BEGIN
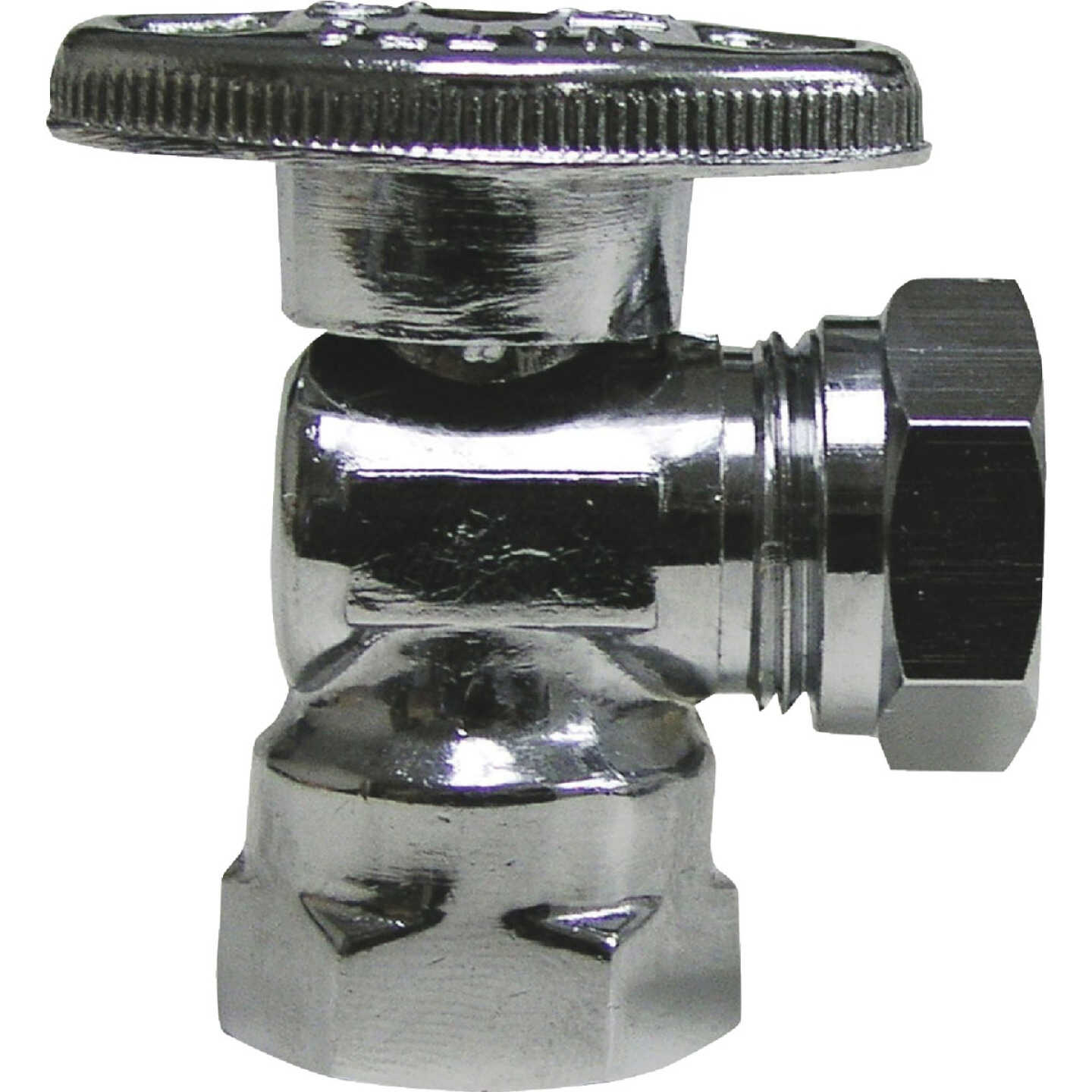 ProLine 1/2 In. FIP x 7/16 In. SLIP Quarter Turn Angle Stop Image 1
END
BEGIN
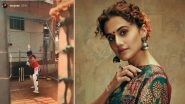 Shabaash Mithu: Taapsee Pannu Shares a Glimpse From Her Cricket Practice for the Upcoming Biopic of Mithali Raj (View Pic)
END
BEGIN
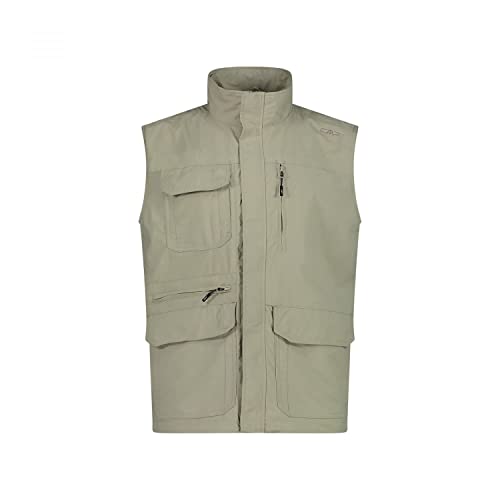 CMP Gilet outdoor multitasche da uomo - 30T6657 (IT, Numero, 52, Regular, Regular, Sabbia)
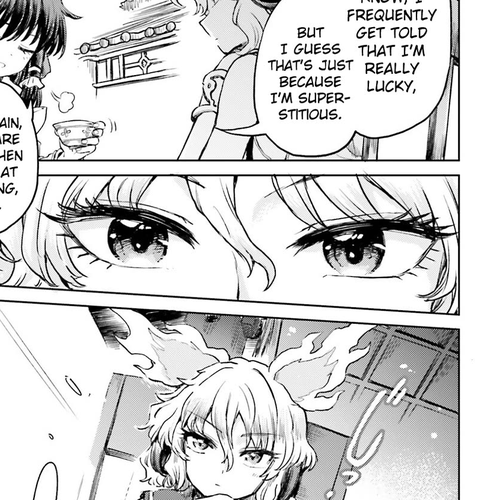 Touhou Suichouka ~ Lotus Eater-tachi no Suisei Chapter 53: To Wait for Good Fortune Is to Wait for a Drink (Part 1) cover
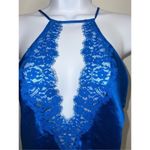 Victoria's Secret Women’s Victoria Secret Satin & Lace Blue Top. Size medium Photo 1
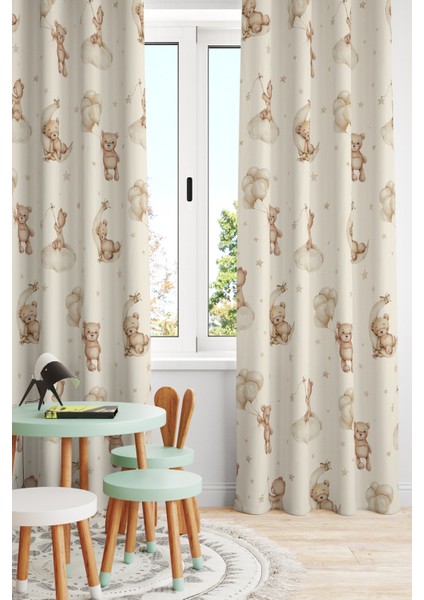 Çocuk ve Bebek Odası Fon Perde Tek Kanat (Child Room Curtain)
END
### Task goal
Give again, exactly as written above, each line from the one that has "CMP Gilet outdoor" to the one that has "Victoria's Secret Women’s Victoria", both included; omit the pictures.

### Solution to this task
 CMP Gilet outdoor multitasche da uomo - 30T6657 (IT, Numero, 52, Regular, Regular, Sabbia)
 Touhou Suichouka ~ Lotus Eater-tachi no Suisei Chapter 53: To Wait for Good Fortune Is to Wait for a Drink (Part 1) cover
 Victoria's Secret Women’s Victoria Secret Satin & Lace Blue Top. Size medium Photo 1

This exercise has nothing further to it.